For any ideal $\mathfrak{f}$ of the quotient lie algebra $\mathfrak{g/h}$, consider the inverse image of $\mathfrak{f}$ in $\mathfrak{g}$ relative to $\pi$, that is: $$\pi ^{-1} (\mathfrak{f}) = \{X\in\mathfrak{g} : \pi (X)\in \mathfrak{f} \} .$$
Prove that $\pi ^{-1} (\mathfrak{f})$ is an ideal of the lie algebra $\mathfrak{g}$.

3. The attempt at a solution

See below

Last edited: Sep 22, 2011
2. Sep 22, 2011

### Ted123

This is my attempt:

Let $x\in\mathfrak{g}$ and $y\in\pi ^{-1}(\mathfrak{f})$.

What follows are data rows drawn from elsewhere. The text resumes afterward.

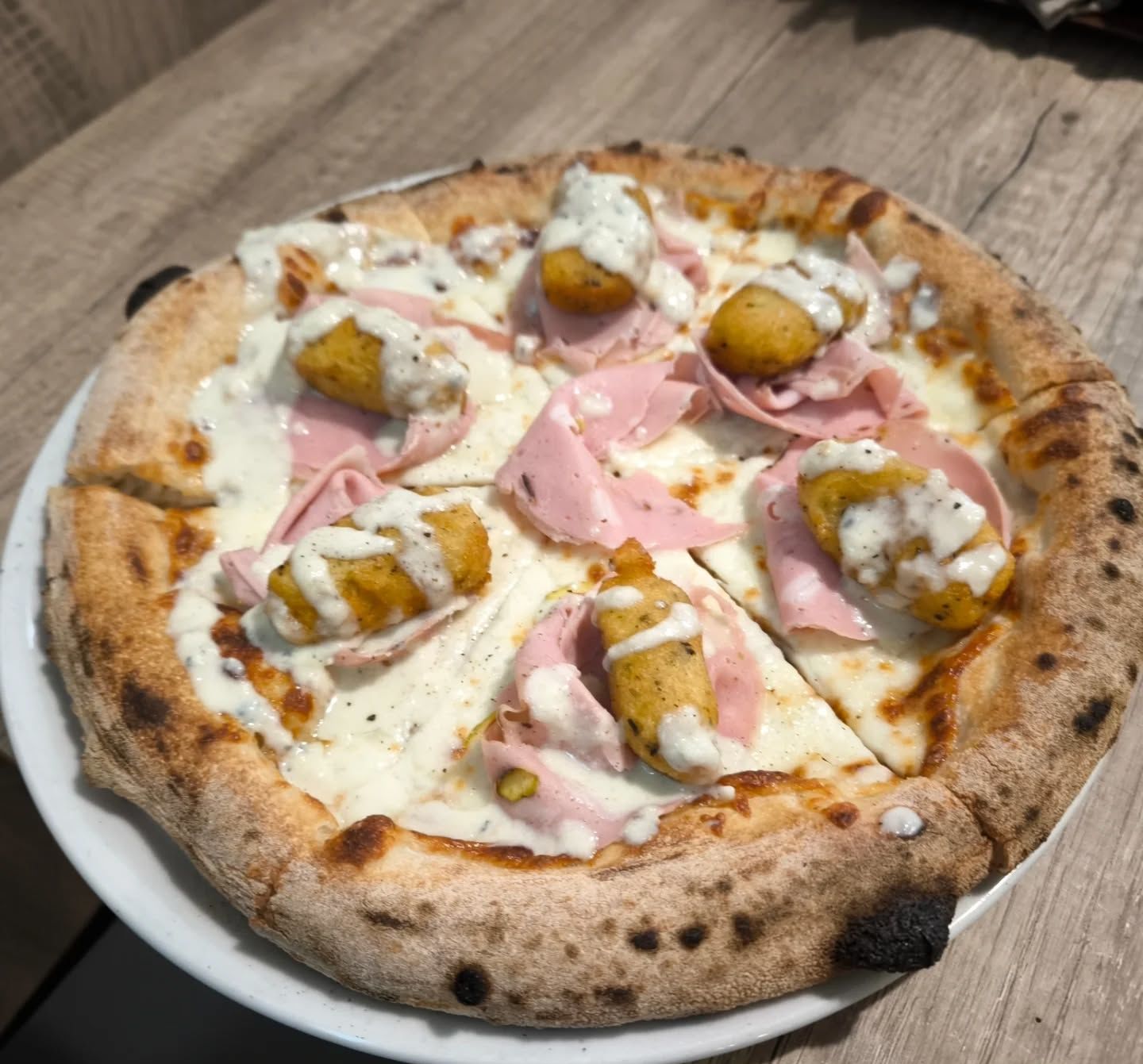 Carte et Menus 2026 - Èssenza - Pizza & Bistrot à Campofelice Di Roccella |  TheFork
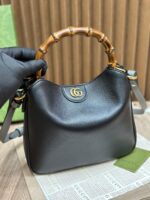 Diana Bamboo Shoulder Bag (حقيبة "ديانا" بمقبض الخيزران) - Image 8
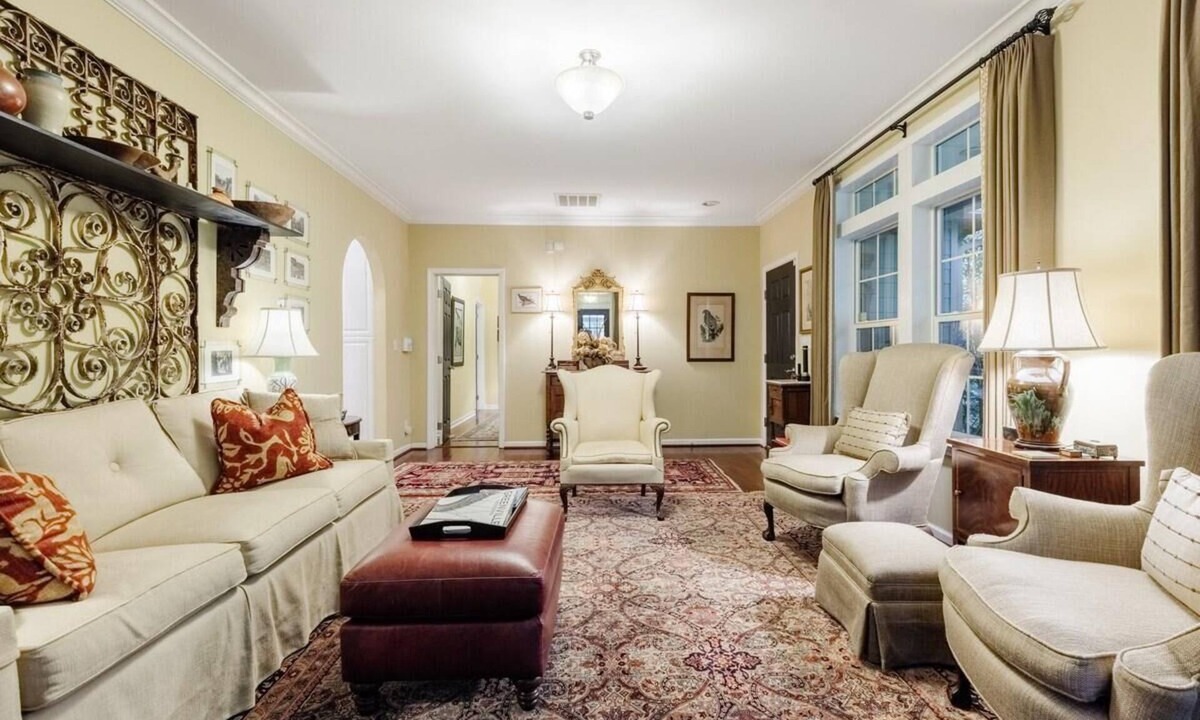 Easley House | Five Ponds Lane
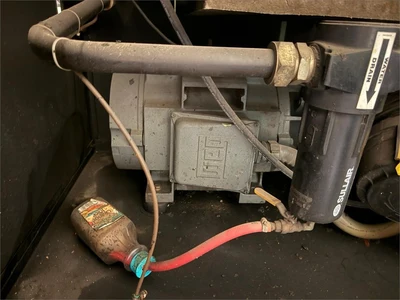 Used SULLAIR 3700 Rotary Screw & Sliding Vane Air Compressors New York US | MachineryMax #1498478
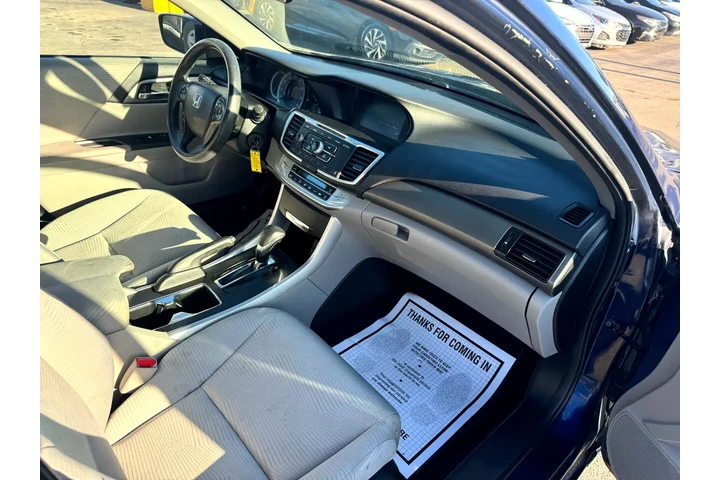 $8980 : 2015 Accord Sedan 4dr I4 CVT image 9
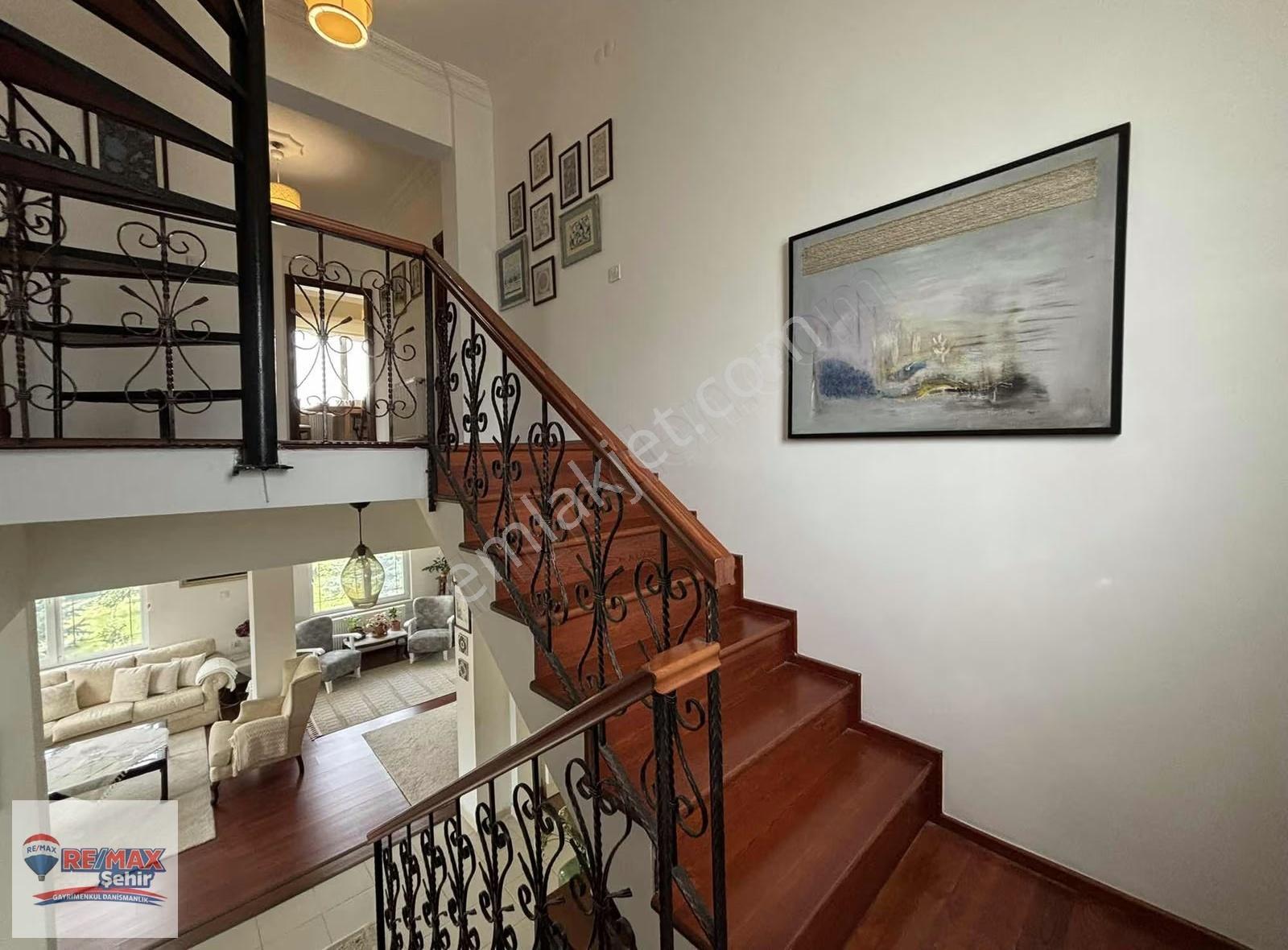 Remax Yalova Akköyde Deniz Manzaralı Tripleks Müstakil Villa - Görsel 16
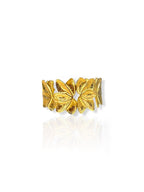 Camelia | Brazalete efecto flor dorado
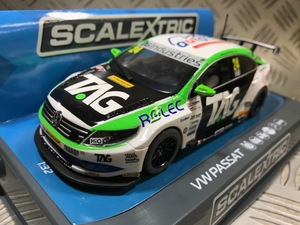 1/32 SCALEXTRIC C3918 BTCC VW Passat スロットカー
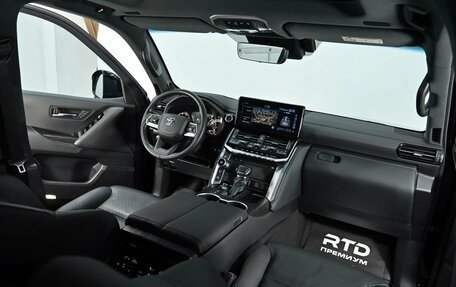 Toyota Land Cruiser, 2025 год, 12 990 000 рублей, 23 фотография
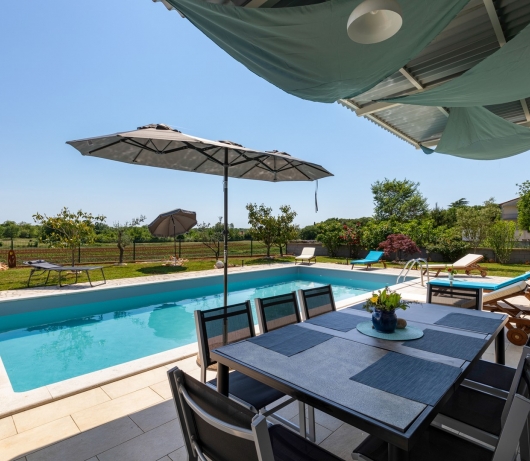 Ferienhaus mit Pool in der Nähe von Rovinj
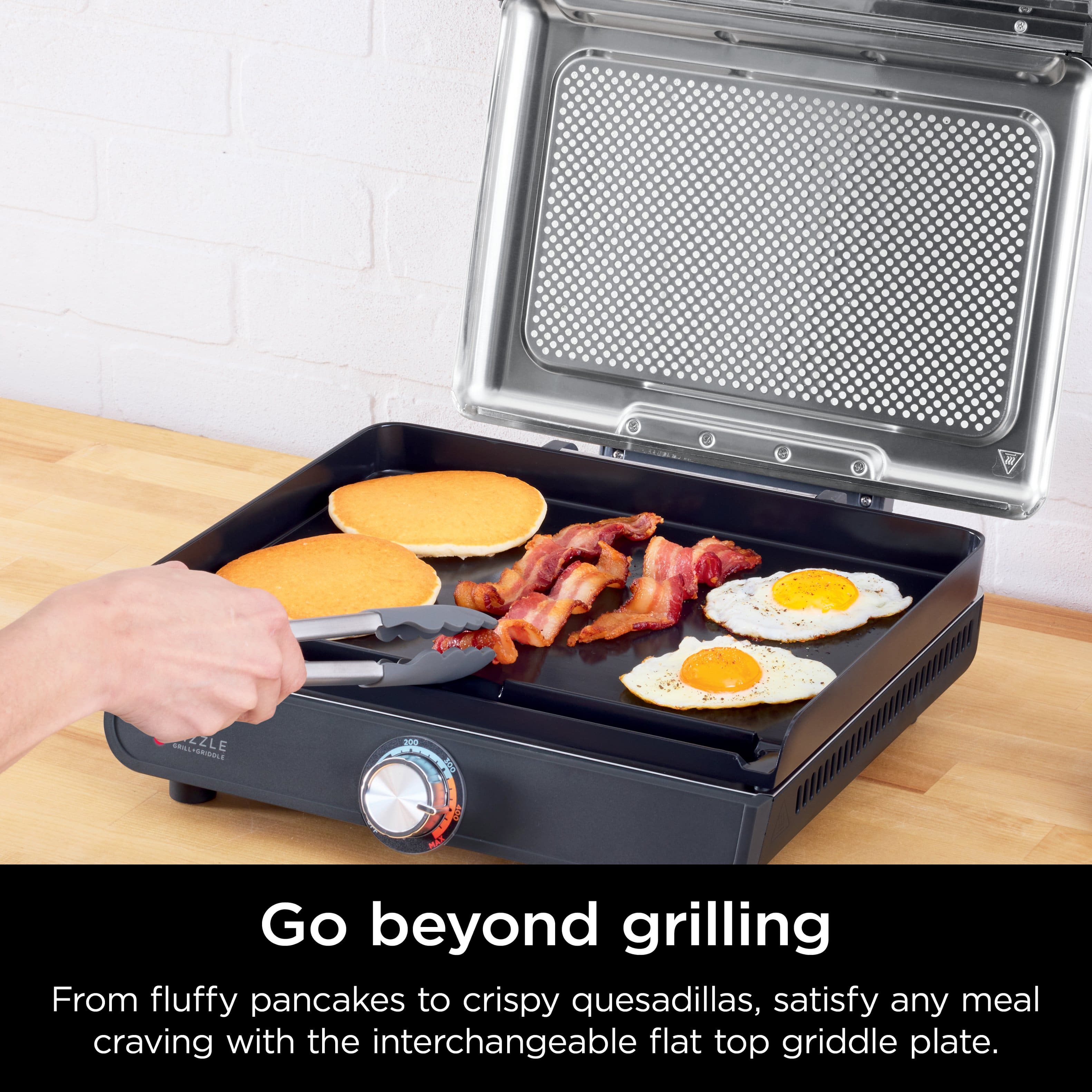 Go beyond grilling - From fluffy pancakes to crispy quesadillas, satisfy any meal craving with the interchangeable flat top griddle plate.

We want to show that $[x,y]\in\pi ^{-1}(\mathfrak{f})$. That is, if $\pi ([x,y]) \in \mathfrak{f}$.

Now $\pi ([x,y]) = [\pi (x) , \pi (y)]$ since $\pi$ is a homomorphism.

And since $y\in \pi ^{-1}(\mathfrak{f})$, $\pi (y) \in \mathfrak{f}$.

But $[\pi (x) , \pi (y)] \in \mathfrak{f}$ for all $\pi (x) \in \mathfrak{g/h}$ and $\pi (y) \in \mathfrak{f}$ since $\mathfrak{f}$ is an ideal of $\mathfrak{g/h}$ and $\pi (x) = x+\mathfrak{h} \in \mathfrak{g/h}$.

Therefore $\pi ([x,y])\in\mathfrak{f}$ and $\pi ^{-1}(\mathfrak{f})$ is an ideal of $\mathfrak{g}$.

Can anyone spot any mistakes or anything I've done wrong?

Last edited: Sep 22, 2011